[Supplied material]:
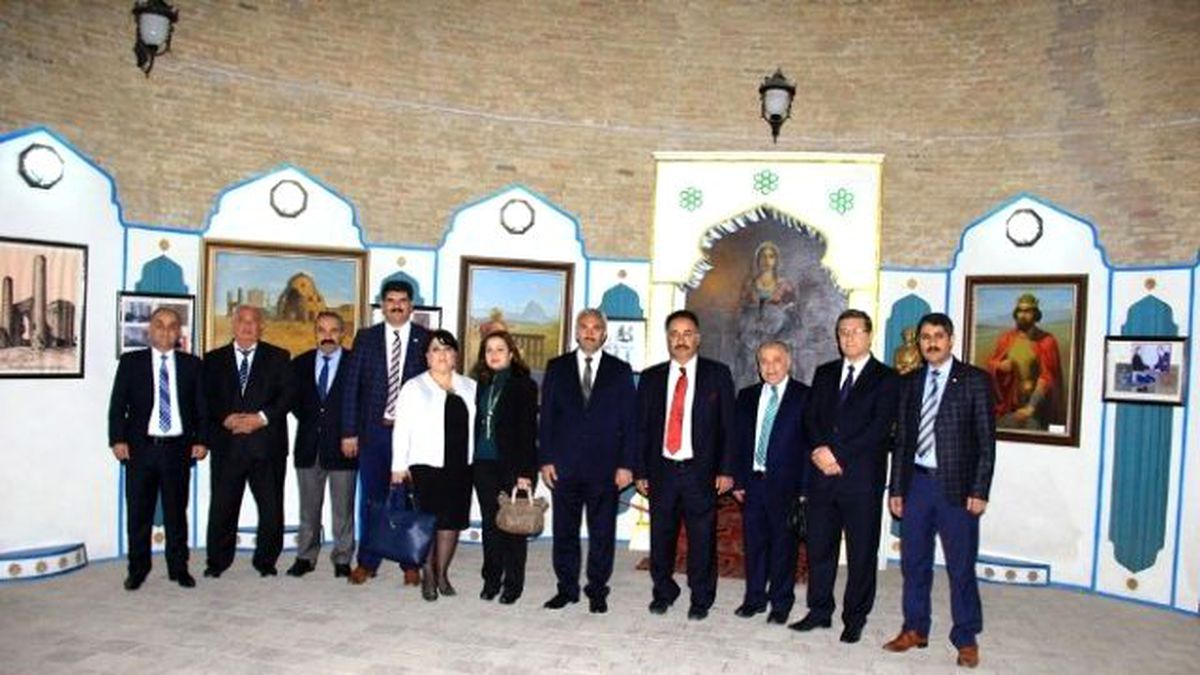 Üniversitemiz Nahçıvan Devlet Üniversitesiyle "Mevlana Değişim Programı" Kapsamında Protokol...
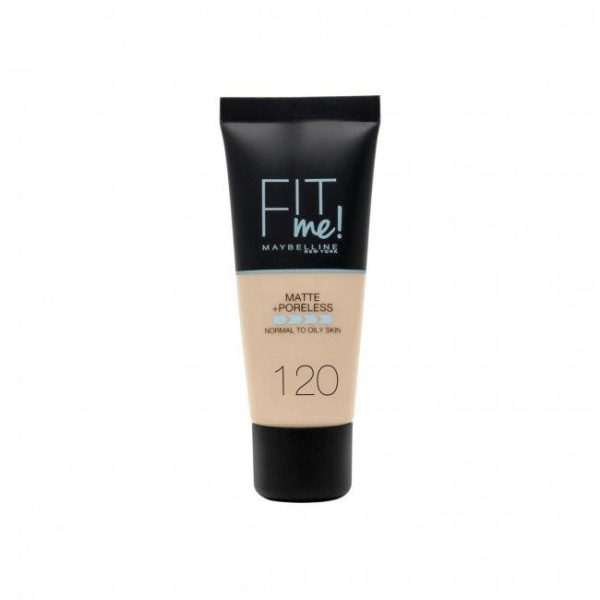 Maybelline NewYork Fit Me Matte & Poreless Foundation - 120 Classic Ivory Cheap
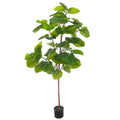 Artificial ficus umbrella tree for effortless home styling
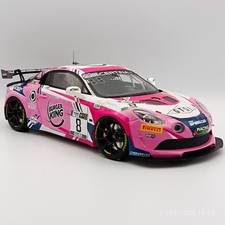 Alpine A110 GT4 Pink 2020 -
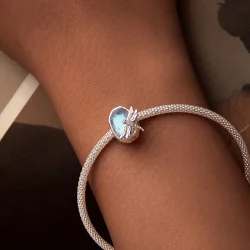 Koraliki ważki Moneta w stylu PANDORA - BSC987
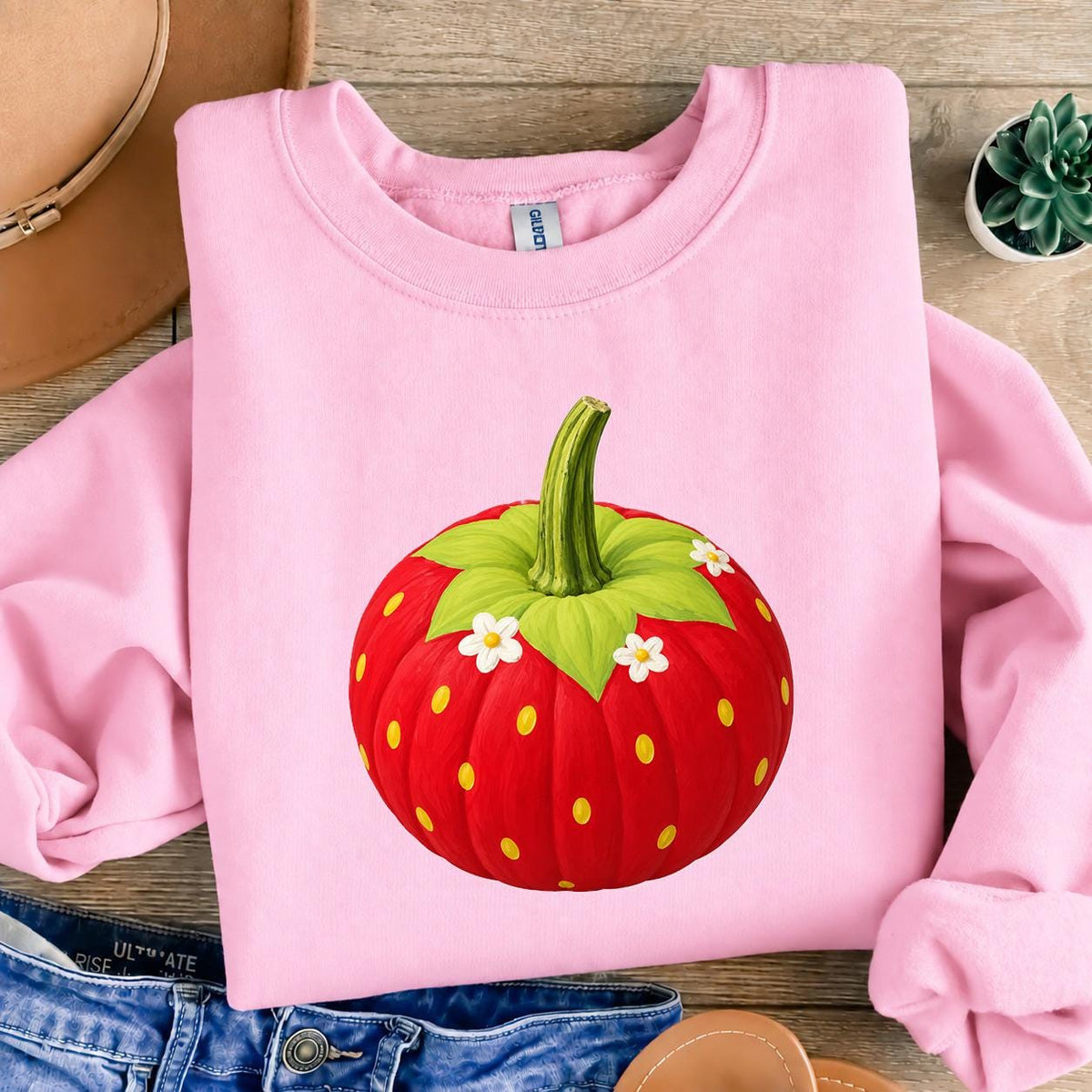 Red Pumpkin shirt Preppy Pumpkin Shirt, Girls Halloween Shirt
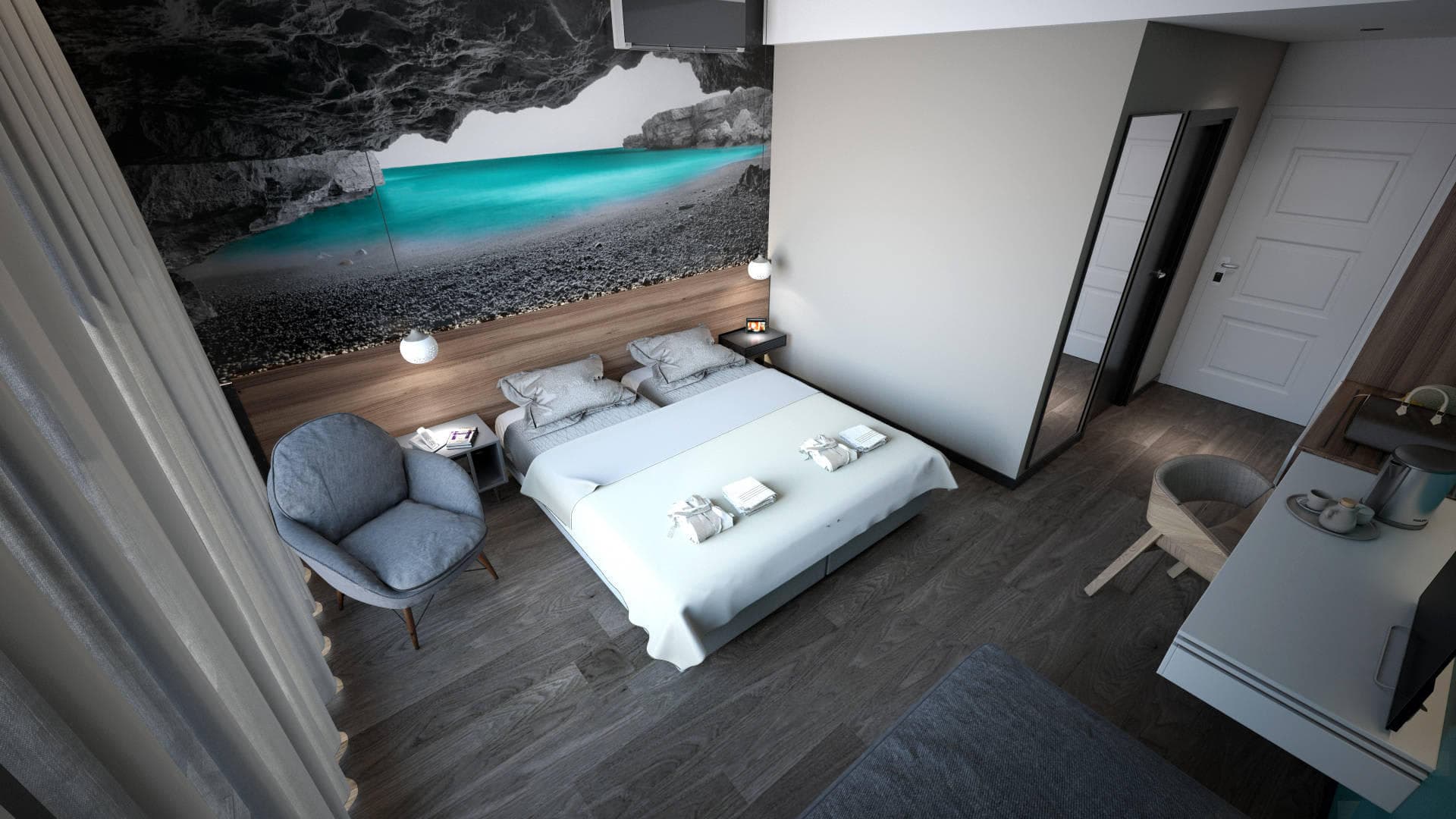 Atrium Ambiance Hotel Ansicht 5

[What this task involves]: Could you set down verbatim the lines from the beginning of the entries above through the line containing "Koraliki ważki Moneta", both included, leaving out the pictures?

[The completed task]:
 Üniversitemiz Nahçıvan Devlet Üniversitesiyle "Mevlana Değişim Programı" Kapsamında Protokol...
 Maybelline NewYork Fit Me Matte & Poreless Foundation - 120 Classic Ivory Cheap
 Artificial ficus umbrella tree for effortless home styling
 Alpine A110 GT4 Pink 2020 -
 Koraliki ważki Moneta w stylu PANDORA - BSC987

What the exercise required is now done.